■ **Work order**: The material below is to be copied exactly from the line with "Women's Taupe Ankle Boots" up to and including the line with "Certified 2022 Mercedes-Benz", with nothing else kept and no pictures.

■ **Dataset**:
════════
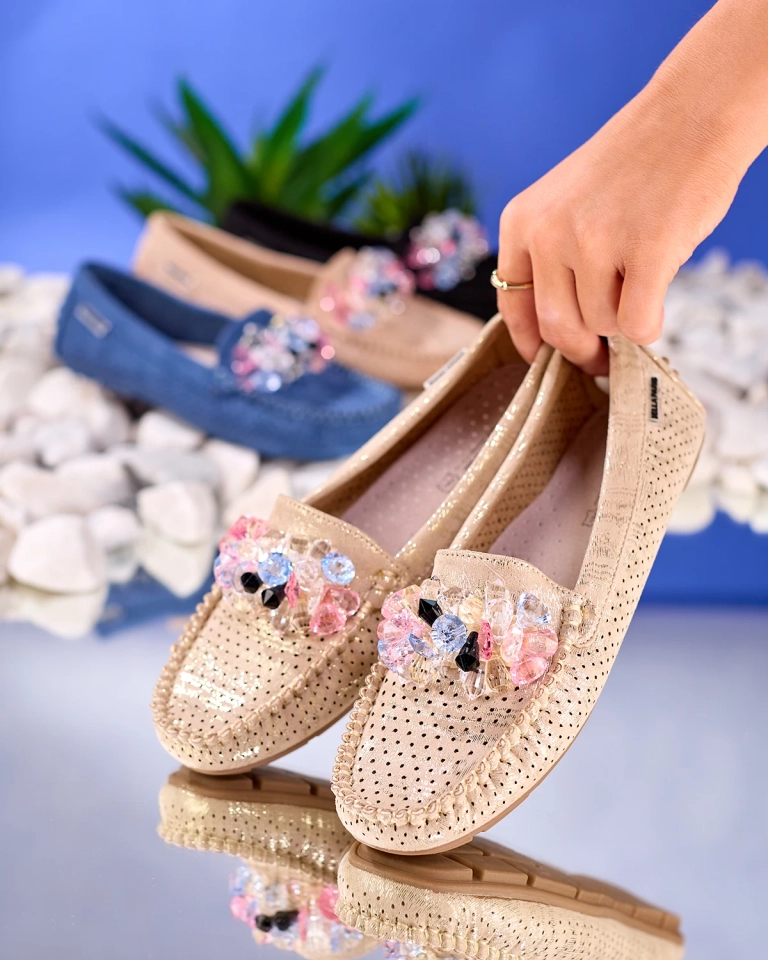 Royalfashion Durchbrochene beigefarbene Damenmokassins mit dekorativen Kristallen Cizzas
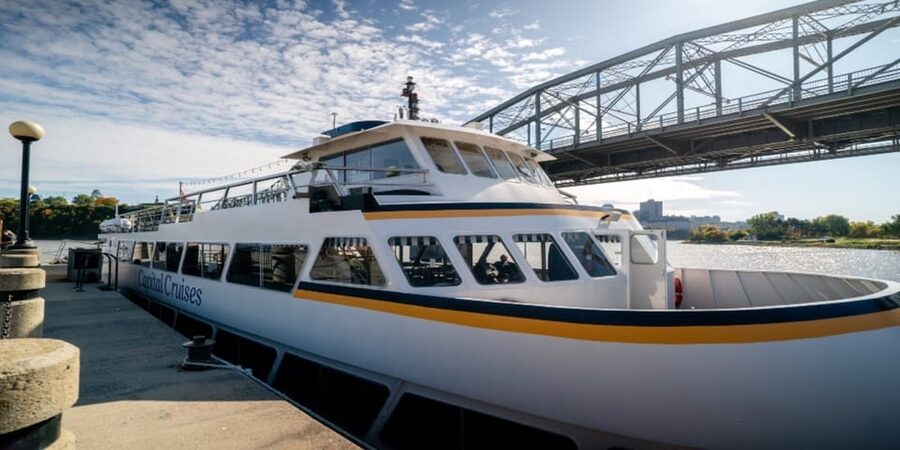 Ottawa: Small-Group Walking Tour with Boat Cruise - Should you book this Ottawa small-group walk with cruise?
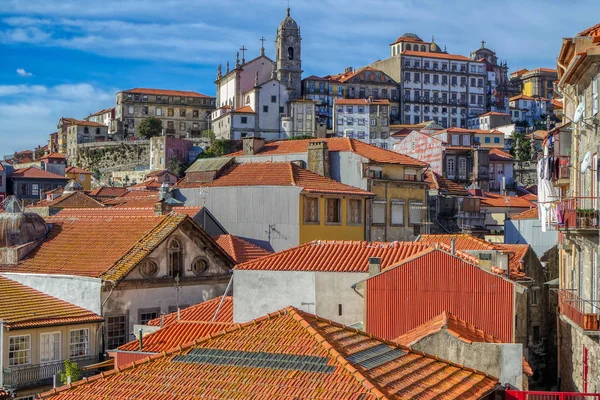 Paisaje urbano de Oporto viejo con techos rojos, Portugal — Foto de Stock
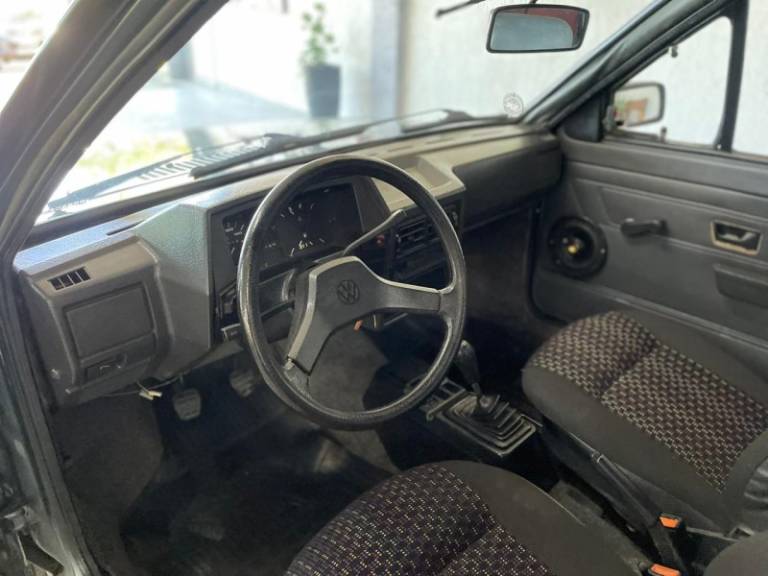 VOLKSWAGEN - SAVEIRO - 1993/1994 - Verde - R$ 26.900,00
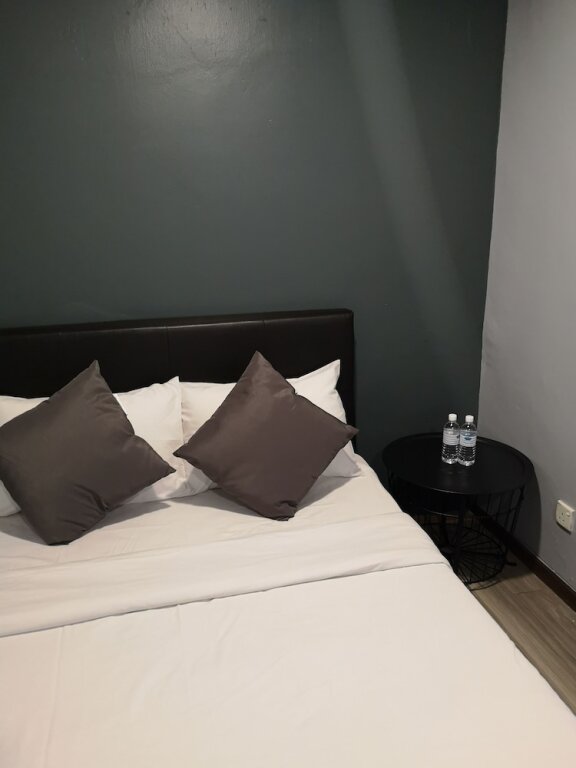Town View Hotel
════════
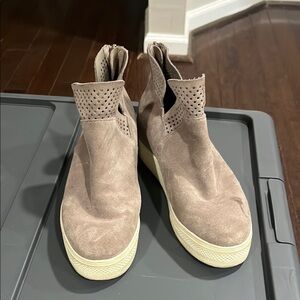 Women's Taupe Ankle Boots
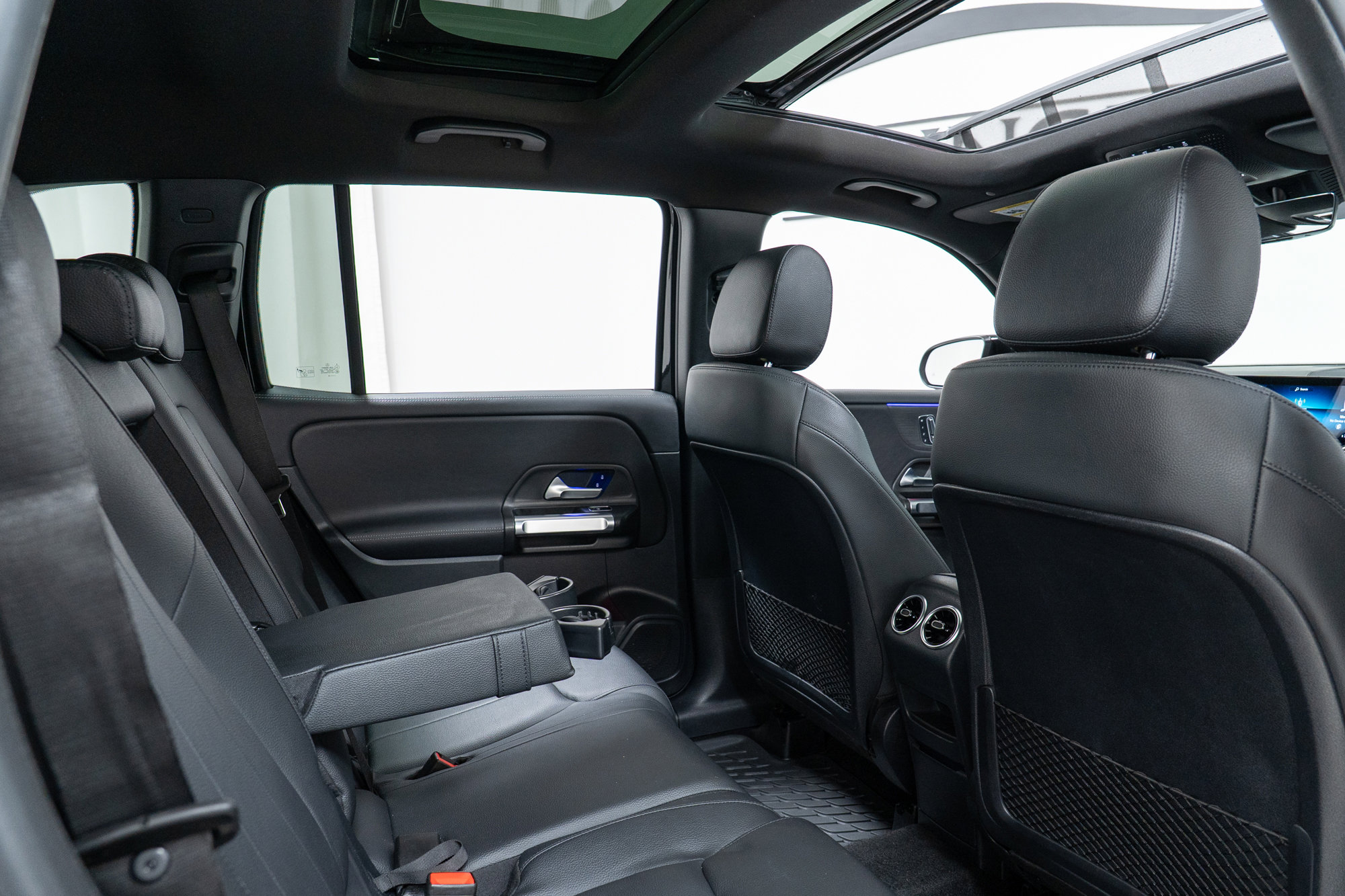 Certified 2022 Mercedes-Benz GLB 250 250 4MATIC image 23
════════
■ **Output of the task**:
 Women's Taupe Ankle Boots
 Certified 2022 Mercedes-Benz GLB 250 250 4MATIC image 23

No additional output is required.